Otoritas Thailand telah menahan istri dan anak-anak seorang komandan tertinggi Tentara Pembebasan Arakan Rohingya atau ARSA. ARSA adalah kelompok pejuang di Rakhine Myanmar.

Hnin Zar Phyu, istri Mayor Jenderal Tun Myat Naing  dan putri mereka Saw Pyae Shun dan putranya berusia 11 bulan, Myat Lin Zan, ditangkap pada Rabu di Chiang Mai, sebuah kota di utara Thailand yang telah lama menjadi tempat perlindungan bagi para pejuang Myanmar, dan didakwa dengan masuk secara ilegal.

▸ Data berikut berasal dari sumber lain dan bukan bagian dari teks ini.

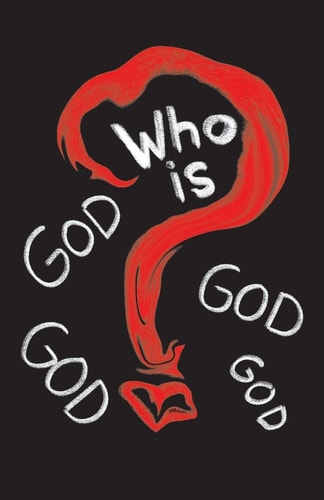 Who Is God? The Truth, the Reality, the Clarity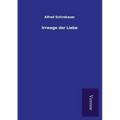 Irrwege der Liebe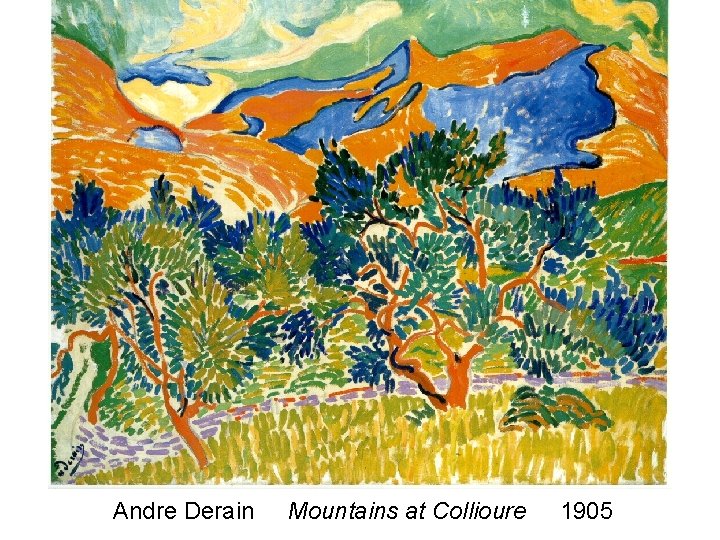 Andre Derain Mountains at Collioure 1905 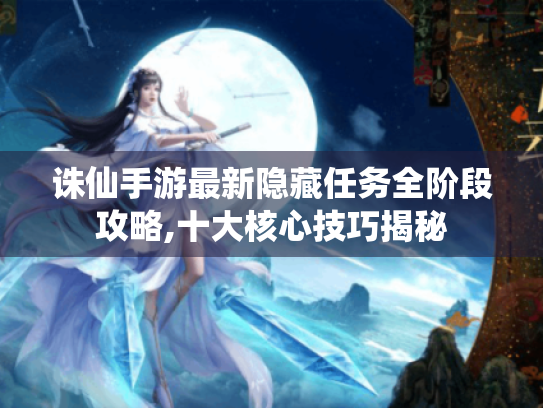 诛仙手游最新隐藏任务全阶段攻略,十大核心技巧揭秘 诛仙手游最新隐藏任务全阶段攻略,十大核心技巧揭秘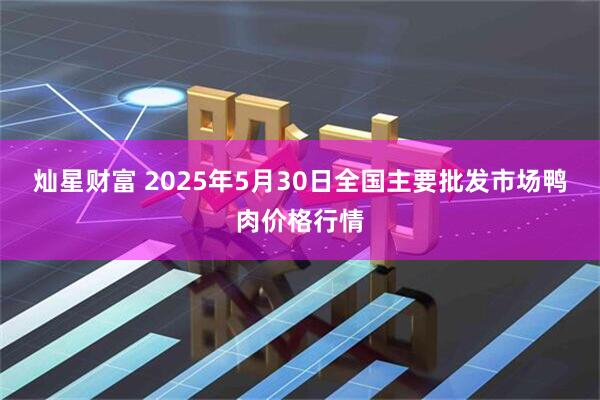 灿星财富 2025年5月30日全国主要批发市场鸭肉价格行情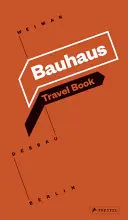 Bauhaus: Carte de călătorie: Weimar Dessau Berlin - Bauhaus: Travel Book: Weimar Dessau Berlin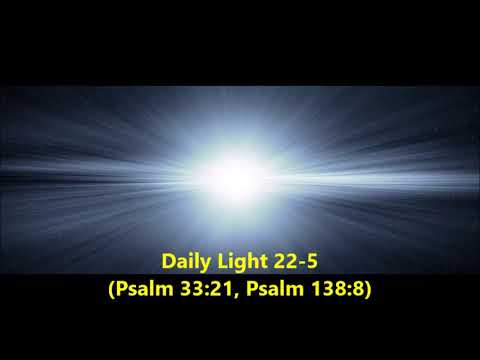 Daily Light January 22nd, part 5 (Psalm 33:21, Psalm 138:8)
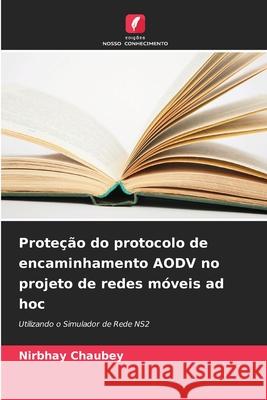 Proteção do protocolo de encaminhamento AODV no projeto de redes móveis ad hoc Chaubey, Nirbhay 9786208494889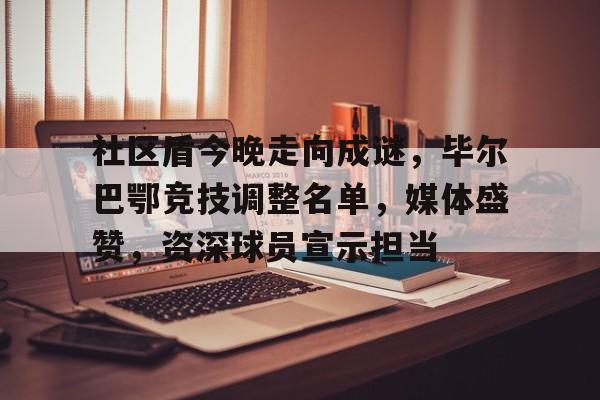 九游体育-包含社区盾今晚走向成谜，毕尔巴鄂竞技调整名单，媒体盛赞，资深球员宣示担当的词条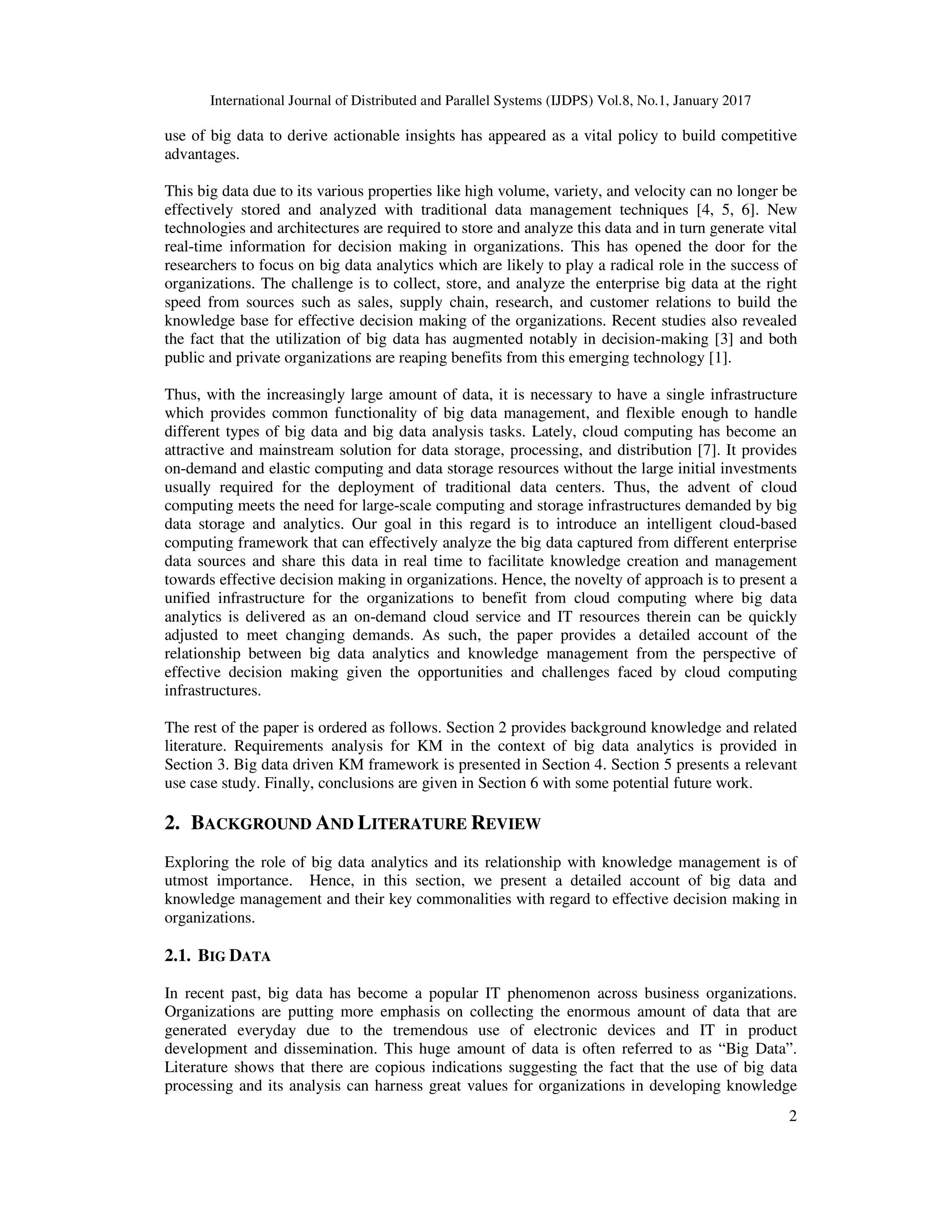 International Journal of Distributed and Parallel Systems (IJDPS) Vol.8, No.1, January 2017
2
use of big data to derive actionable insights has appeared as a vital policy to build competitive
advantages.
This big data due to its various properties like high volume, variety, and velocity can no longer be
effectively stored and analyzed with traditional data management techniques [4, 5, 6]. New
technologies and architectures are required to store and analyze this data and in turn generate vital
real-time information for decision making in organizations. This has opened the door for the
researchers to focus on big data analytics which are likely to play a radical role in the success of
organizations. The challenge is to collect, store, and analyze the enterprise big data at the right
speed from sources such as sales, supply chain, research, and customer relations to build the
knowledge base for effective decision making of the organizations. Recent studies also revealed
the fact that the utilization of big data has augmented notably in decision-making [3] and both
public and private organizations are reaping benefits from this emerging technology [1].
Thus, with the increasingly large amount of data, it is necessary to have a single infrastructure
which provides common functionality of big data management, and flexible enough to handle
different types of big data and big data analysis tasks. Lately, cloud computing has become an
attractive and mainstream solution for data storage, processing, and distribution [7]. It provides
on-demand and elastic computing and data storage resources without the large initial investments
usually required for the deployment of traditional data centers. Thus, the advent of cloud
computing meets the need for large-scale computing and storage infrastructures demanded by big
data storage and analytics. Our goal in this regard is to introduce an intelligent cloud-based
computing framework that can effectively analyze the big data captured from different enterprise
data sources and share this data in real time to facilitate knowledge creation and management
towards effective decision making in organizations. Hence, the novelty of approach is to present a
unified infrastructure for the organizations to benefit from cloud computing where big data
analytics is delivered as an on-demand cloud service and IT resources therein can be quickly
adjusted to meet changing demands. As such, the paper provides a detailed account of the
relationship between big data analytics and knowledge management from the perspective of
effective decision making given the opportunities and challenges faced by cloud computing
infrastructures.
The rest of the paper is ordered as follows. Section 2 provides background knowledge and related
literature. Requirements analysis for KM in the context of big data analytics is provided in
Section 3. Big data driven KM framework is presented in Section 4. Section 5 presents a relevant
use case study. Finally, conclusions are given in Section 6 with some potential future work.
2. BACKGROUND AND LITERATURE REVIEW
Exploring the role of big data analytics and its relationship with knowledge management is of
utmost importance. Hence, in this section, we present a detailed account of big data and
knowledge management and their key commonalities with regard to effective decision making in
organizations.
2.1. BIG DATA
In recent past, big data has become a popular IT phenomenon across business organizations.
Organizations are putting more emphasis on collecting the enormous amount of data that are
generated everyday due to the tremendous use of electronic devices and IT in product
development and dissemination. This huge amount of data is often referred to as “Big Data”.
Literature shows that there are copious indications suggesting the fact that the use of big data
processing and its analysis can harness great values for organizations in developing knowledge
 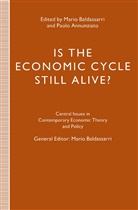 Mario Annunziato Baldassarri, Paol Annunziato, Paolo Annunziato, Baldassarri, Baldassarri, Mario Baldassarri - Is the Economic Cycle Still Alive?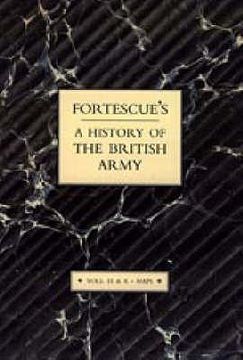 portada Fortescue's History of the British Army: Volume IX and X Maps (in English)
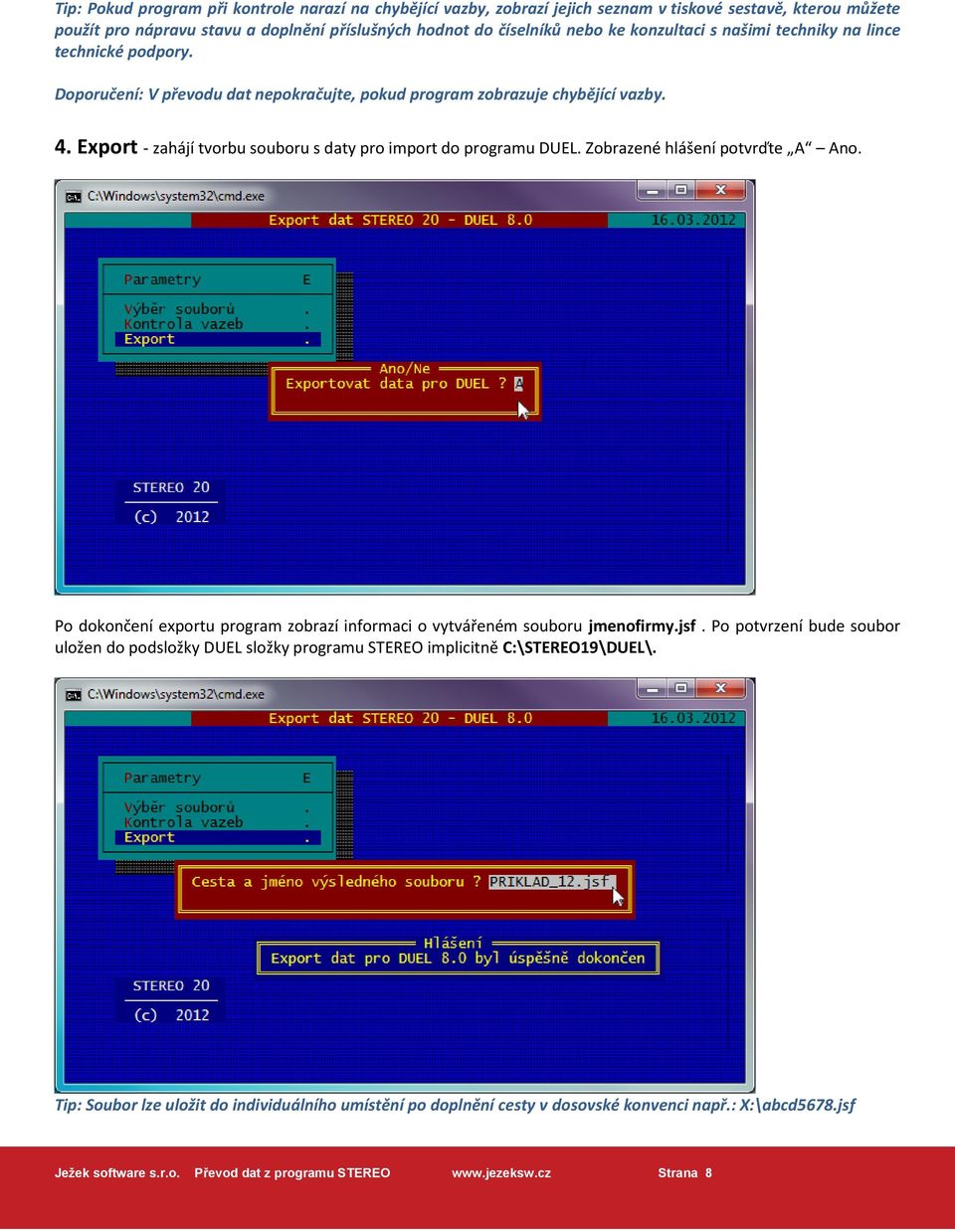 Export - zahájí tvorbu souboru s daty pro import do programu DUEL. Zobrazené hlášení potvrďte A Ano. Po dokončení exportu program zobrazí informaci o vytvářeném souboru jmenofirmy.jsf.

Pejabat Thailand telah mengkonfirmasi bahwa Hnin Zar Phyu dan anak-anaknya ditahan di kantor imigrasi di distrik Mae Sai di provinsi Chiang Rai, perbatasan utama yang melintasi perbatasan Thailand dan Myanmar di Thailand utara. Hal ini sebagaimana diungkapkan pejabat imigrasi Thailand, yang tidak ingin disebutkan namanya karena ia tidak berwenang berbicara kepada media, jumat kemarin.

Mereka  didakwa masuk secara ilegal karena pihak berwenang Myanmar telah mencabut paspor mereka.  Seorang aktivis Rakhine mengatakan bahwa ia sangat prihatin dengan penangkapan Hnin Zar Phyu di Thailand. Menurutnya, Thailand seharusnya tidak menangkap dan mendeportasi mereka ke pihak berwenang Myanmar. Jika hal itu dilakukan, kemungkinan besar korban  akan ditangkap, dipenjara, dan dianiaya di Myanmar. Hal ini diungkap  Nyi Nyi Lwin, kepala Pusat Informasi Arakan.